Large language models (LLMs) are pivotal in advancing natural language processing (NLP) tasks, yet their efficacy is hampered by inaccuracies and outdated knowledge. Model editing emerges as a promising solution to address these challenges. However, existing editing methods struggle to track and incorporate changes in knowledge associated with edits, which limits the generalization ability of postedit LLMs in processing edited knowledge. To tackle these problems, we propose a novel model editing method that leverages knowledge graphs for enhancing LLM editing, namely GLAME. Specifically, we first utilize a knowledge graph augmentation module to uncover associated knowledge that has changed due to editing, obtaining its internal representations within LLMs. This approach allows knowledge alterations within LLMs to be reflected through an external graph structure.

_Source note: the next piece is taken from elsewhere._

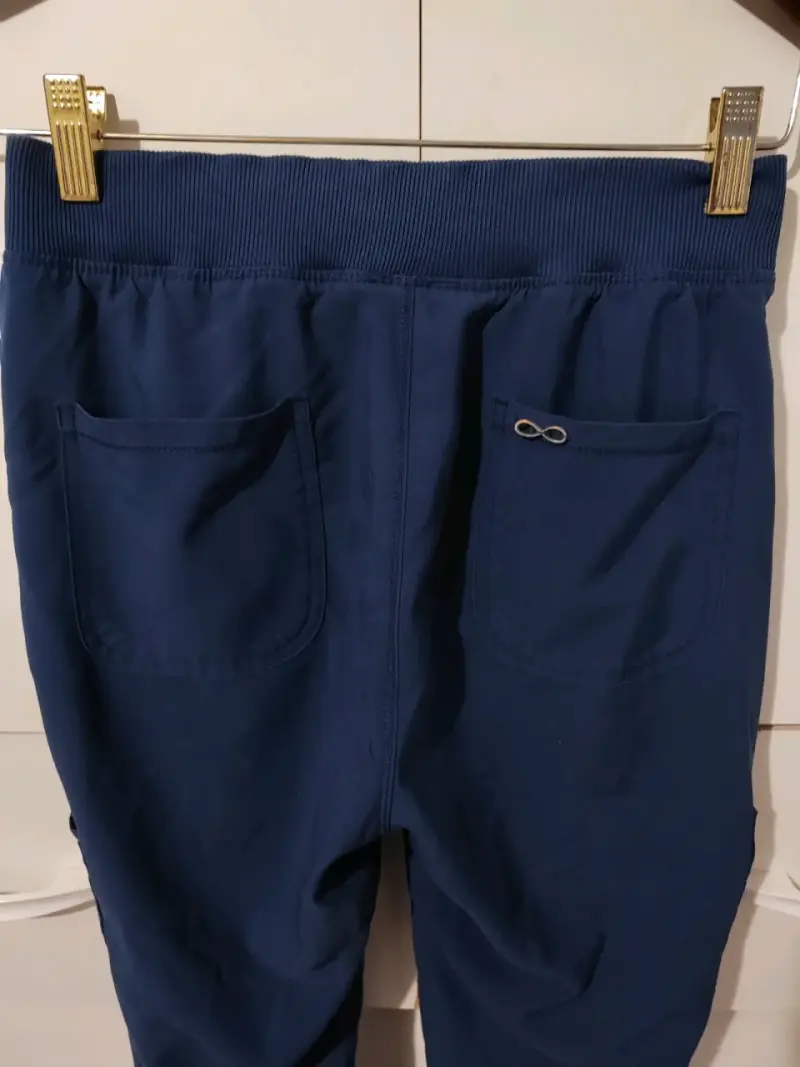 Conjunto médico azul oscuro - 4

Subsequently, we design a graph-based knowledge edit module to integrate structured knowledge into the model editing. This ensures that the updated parameters reflect not only the modifications of the edited knowledge but also the changes in other associated knowledge resulting from the editing process. Comprehensive experiments conducted on GPT-J and GPT-2 XL demonstrate that GLAME significantly improves the generalization capabilities of post-edit LLMs in employing edited knowledge.